## WHAT NEEDS TO BE DONE
Word for word, set down every line of the entries below from the line with "Athleta Lime Green" to the line with "Cow driving a", including both, and no other line.

-- Opening Marker --

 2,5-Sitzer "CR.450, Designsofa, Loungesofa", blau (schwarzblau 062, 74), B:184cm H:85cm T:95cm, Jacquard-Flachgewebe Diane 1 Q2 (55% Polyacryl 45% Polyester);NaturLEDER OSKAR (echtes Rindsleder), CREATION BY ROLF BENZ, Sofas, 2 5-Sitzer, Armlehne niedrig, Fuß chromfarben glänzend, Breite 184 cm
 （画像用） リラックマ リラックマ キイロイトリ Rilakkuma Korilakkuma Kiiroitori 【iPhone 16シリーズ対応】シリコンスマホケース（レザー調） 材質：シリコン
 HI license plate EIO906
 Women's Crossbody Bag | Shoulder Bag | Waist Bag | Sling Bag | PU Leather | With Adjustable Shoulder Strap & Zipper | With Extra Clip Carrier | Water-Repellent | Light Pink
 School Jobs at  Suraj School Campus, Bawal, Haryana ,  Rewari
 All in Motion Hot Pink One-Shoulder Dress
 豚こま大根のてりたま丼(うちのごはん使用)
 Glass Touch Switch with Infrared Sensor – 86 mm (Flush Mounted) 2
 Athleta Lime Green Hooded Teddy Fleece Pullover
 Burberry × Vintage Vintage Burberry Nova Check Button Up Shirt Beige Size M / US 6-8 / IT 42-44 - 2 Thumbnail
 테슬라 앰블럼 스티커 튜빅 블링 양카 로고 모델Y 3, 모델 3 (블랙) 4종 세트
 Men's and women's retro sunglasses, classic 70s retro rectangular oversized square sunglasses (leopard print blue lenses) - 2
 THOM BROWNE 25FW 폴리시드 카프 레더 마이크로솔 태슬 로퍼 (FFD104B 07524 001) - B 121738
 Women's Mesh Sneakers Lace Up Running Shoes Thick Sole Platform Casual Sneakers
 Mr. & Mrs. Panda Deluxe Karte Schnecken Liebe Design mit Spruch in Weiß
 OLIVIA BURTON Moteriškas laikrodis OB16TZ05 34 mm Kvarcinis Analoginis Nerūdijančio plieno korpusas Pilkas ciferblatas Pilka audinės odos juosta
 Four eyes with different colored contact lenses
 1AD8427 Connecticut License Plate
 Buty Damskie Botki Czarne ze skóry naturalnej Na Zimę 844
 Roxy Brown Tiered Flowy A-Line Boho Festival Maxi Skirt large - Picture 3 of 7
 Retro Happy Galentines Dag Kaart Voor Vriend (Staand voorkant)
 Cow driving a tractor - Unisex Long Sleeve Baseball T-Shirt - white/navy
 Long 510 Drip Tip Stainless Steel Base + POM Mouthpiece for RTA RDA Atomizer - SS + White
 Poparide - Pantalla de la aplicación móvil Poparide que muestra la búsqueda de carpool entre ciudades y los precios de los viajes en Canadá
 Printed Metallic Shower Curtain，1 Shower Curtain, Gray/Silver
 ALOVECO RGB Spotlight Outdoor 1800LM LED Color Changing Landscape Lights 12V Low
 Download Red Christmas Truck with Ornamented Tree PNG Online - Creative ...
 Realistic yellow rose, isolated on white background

-- Closing Marker --

## REPLY TO THE TASK
 Athleta Lime Green Hooded Teddy Fleece Pullover
 Burberry × Vintage Vintage Burberry Nova Check Button Up Shirt Beige Size M / US 6-8 / IT 42-44 - 2 Thumbnail
 테슬라 앰블럼 스티커 튜빅 블링 양카 로고 모델Y 3, 모델 3 (블랙) 4종 세트
 Men's and women's retro sunglasses, classic 70s retro rectangular oversized square sunglasses (leopard print blue lenses) - 2
 THOM BROWNE 25FW 폴리시드 카프 레더 마이크로솔 태슬 로퍼 (FFD104B 07524 001) - B 121738
 Women's Mesh Sneakers Lace Up Running Shoes Thick Sole Platform Casual Sneakers
 Mr. & Mrs. Panda Deluxe Karte Schnecken Liebe Design mit Spruch in Weiß
 OLIVIA BURTON Moteriškas laikrodis OB16TZ05 34 mm Kvarcinis Analoginis Nerūdijančio plieno korpusas Pilkas ciferblatas Pilka audinės odos juosta
 Four eyes with different colored contact lenses
 1AD8427 Connecticut License Plate
 Buty Damskie Botki Czarne ze skóry naturalnej Na Zimę 844
 Roxy Brown Tiered Flowy A-Line Boho Festival Maxi Skirt large - Picture 3 of 7
 Retro Happy Galentines Dag Kaart Voor Vriend (Staand voorkant)
 Cow driving a tractor - Unisex Long Sleeve Baseball T-Shirt - white/navy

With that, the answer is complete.